The thing is that I have all my citations written as plain text (i.e. by myself), without any reference management software.
My question is the following:
Is there any kind of authomatic way in Endnote to get plain text citations converted into Endnote’s references that I can then manage in Word?
In other words, I would like to find some authomatic (not manual) way of converting this:
Wacquant, L. (1997) Three Pernicious Premises in the Study of the American Ghetto, International Journal of Urban and Regional Research, 21(2), pp. 341‐353.
Into something like this:
Author: Wacquant, L.
Year: 1997
Title: Three Pernicious Premises in the Study of the American Ghetto
Publication Name: International Journal of Urban and Regional Research
Easily, no. You might read overthis old thread: particularly the cb2Bib tool (which I have never tried).
If you have access to a database, it may be far easier to download them than to try to manipulate a hand written set. Designing Macros is time consuming especially if there aren’t clear rules. How many references are you talking about?

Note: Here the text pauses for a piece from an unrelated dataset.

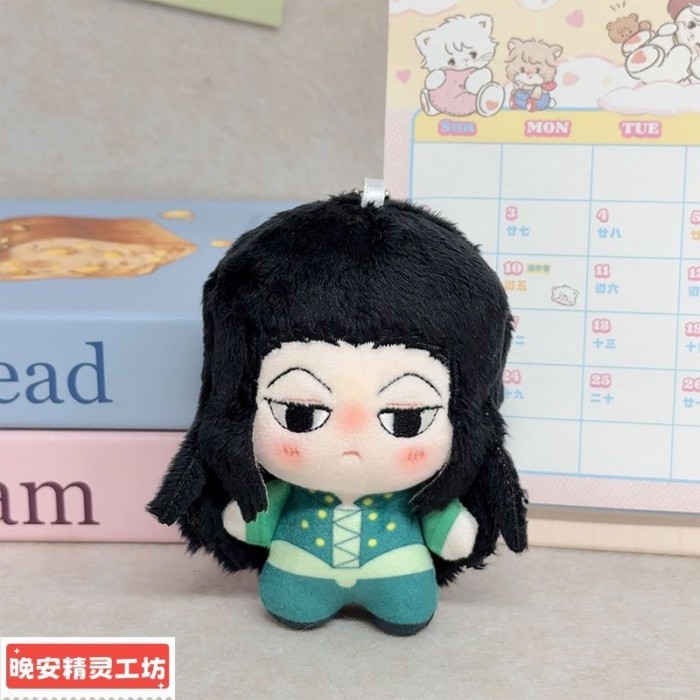 全職獵人奇犽玩偶酷拉皮卡屬性西索伊路米庫洛洛公仔掛件生日禮物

Might start with the ones that you can access quickly. Often if a database is available import your favorite topics rather than one by one, then cross them off your list and contemplate how many are left and what is the best way to move forward. Books, for example are available from Library of Congress and from many public university library databases. – really the time to do that is easier than developing a macro and then finding all the mistakes. A couple hours probably!